Conversion: n 1: an event that results in a transformation 2: Something that is changed from one use, function, or purpose to another.
Conversion—this was the word often used by Christians of previous centuries to describe the change from death to life when someone truly becomes a child of God. While we often use words as “believer” “saved” “born again” or “accepted Christ”, often “converted” was their term of choice. The emphasis is not on words said or aisles walked or prayers prayed or church membership affiliation or any sort of belief, but on a transformed life. A changed heart was the measure of whether a soul was bound for heaven or hell— conversion.
How different this way of thinking about salvation was from the today’s typical American view was brought into sharp relief as I have been reading through The Reformed Pastor by Richard Baxter. In it he describes in detail the line of questions he would ask of every member of his parish as he would visit them in their homes. Instead of four spiritual laws or even “If you knew you would die today, why should God let you into heaven?”, Baxter used the following explanation and questions (slightly modernized by me with words emphasized by me):
The Holy Spirit, using the Bible, enlightens a man’s mind, and softens and opens his heart, and turns him from the power of Satan to God, through faith in Christ. He that is truly converted, has had a light shining into his soul from God, which has showed him the greatness of his sin and misery, and made it a heavy load upon his soul; and showed him who Christ is, and what he has done for sinners, and made him admire the riches of God’s grace in Christ. He has now such a sight of heaven, that he despises all this world as garbage. This is the case of all who are truly converted and who shall be saved.
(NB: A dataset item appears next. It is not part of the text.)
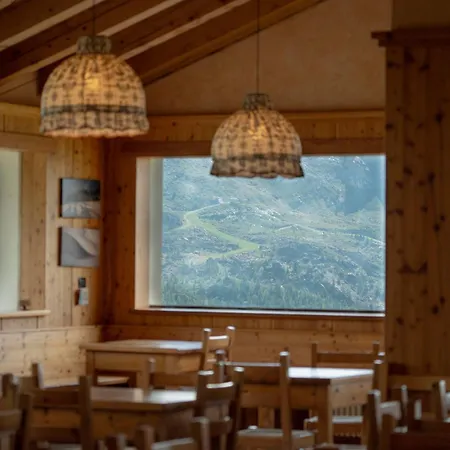 Ristoro Sitten - 2300 Mt Gressoney-La-Trinite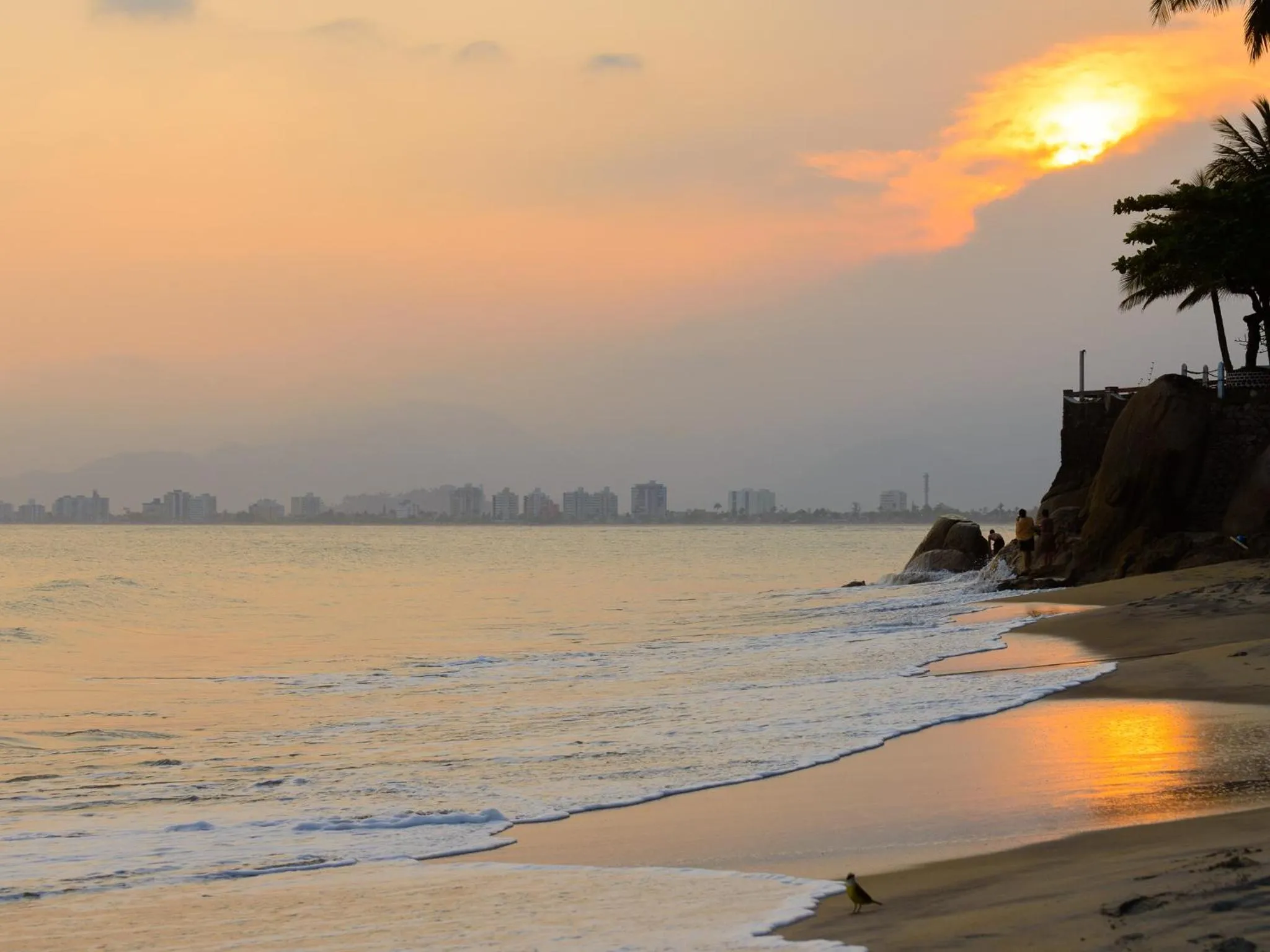 Beach in Pousada Morada da Prainha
Have you ever found this great change upon your own heart? Did you ever find the Spirit of God, by the Word, come in upon your understanding, with a new and heavenly life, which has made you a new creation? Have you experienced such a change as this upon your soul?
I find Baxter’s model for evangelism both fascinating and disturbing. Fascinating, in how acknowledgment of belief or correct theology or even an experience per se is not the point at all for him. The point is solely on whether a person’s heart has been changed in a specific way, in that the person sees that he has been changed and has become a new creation and that his heart is different (admiring the riches of Christ, despising the world).
I find Baxter’s model disturbing when I think how many people in our churches who have “prayed the sinner’s prayer” “walked the aisle” and can tell you the day and date they were “saved” would be unable to look within their heart and see the change that Baxter speaks of. Can you?